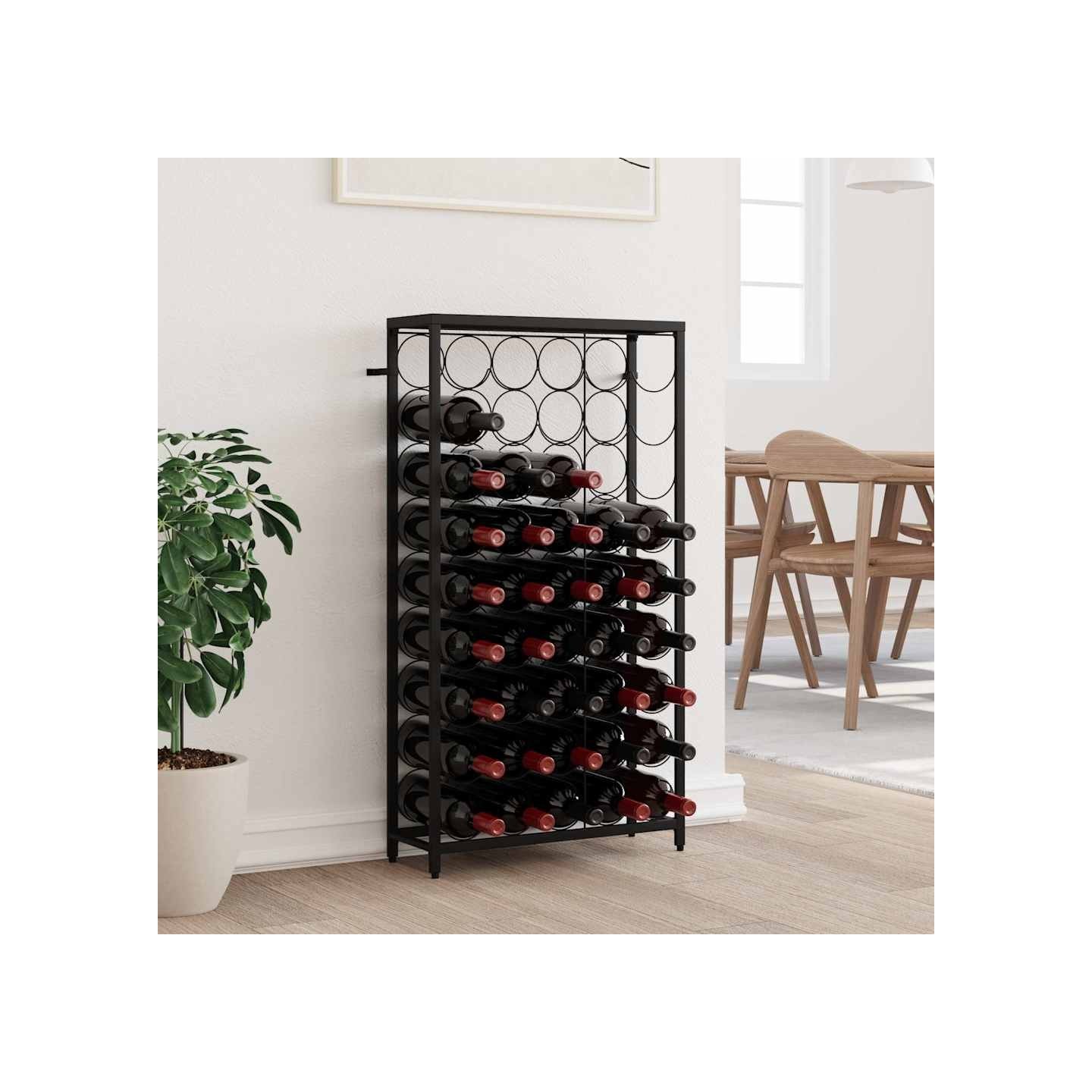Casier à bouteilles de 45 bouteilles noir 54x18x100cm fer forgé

---

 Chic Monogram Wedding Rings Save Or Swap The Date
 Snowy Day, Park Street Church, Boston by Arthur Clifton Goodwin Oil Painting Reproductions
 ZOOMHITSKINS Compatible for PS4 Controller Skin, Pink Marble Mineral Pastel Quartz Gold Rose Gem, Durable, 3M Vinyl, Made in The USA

● **Task item**:
In the entries above, find the line with "Chic Monogram Wedding" and the line with "Snowy Day, Park", then restate word for word both of them and every line between, with nothing more.

● **Answer to this task**:
 Chic Monogram Wedding Rings Save Or Swap The Date
 Snowy Day, Park Street Church, Boston by Arthur Clifton Goodwin Oil Painting Reproductions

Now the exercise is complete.